The main issue of the pact is solidarity. After a first attempt in 2015 to implement solidarity through relocation that has profoundly divided the EU States between Western and Eastern Member States, it was the moment to try to establish a new consensus about this key issue. Solidarity is unfortunately not conceptualised by the New Pact as the object of an agreement as it is envisaged like a choice open to Member States between two contradictory elements, relocation on the one hand and return sponsorship on the other. This appalling way for implementing solidarity will not contribute to building a new consensus on the asylum policy in the EU, but on the contrary confirm all Member States in their opinion.

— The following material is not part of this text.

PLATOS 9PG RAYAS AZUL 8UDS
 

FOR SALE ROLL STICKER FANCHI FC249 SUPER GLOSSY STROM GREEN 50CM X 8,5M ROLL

There is another way to conclude a New Pact between the divergent views of the Member States by considering the elements needed to build a common policy. This requires to stop believing that common legislation is always the solution; to get rid of foolish ambitions like a common policy for legal migration in order to appease the worries of some Eastern Member States; to consider common implementation through EU agencies and common funding as the best tools for more fair responsibility sharing between Member States on the basis of which it is possible to build progressively a common policy in the long term; and finally to rebuild external relations in the area of migration and asylum as a fair cooperation that cannot be based on the fight against irregular migration by third countries in exchange of false promises for more labor migration by the European side.
Commissioner Johansson said on 23 September 2020 when presenting the New Pact that “no one will be satisfied with it”. It would have been preferable for a politician to say on the contrary that everybody will be satisfied, even if it is by different elements. Let us wait and see what the future will tell us about the New Pact and whether or not it will be a lost occasion to relaunch the migration and asylum policies.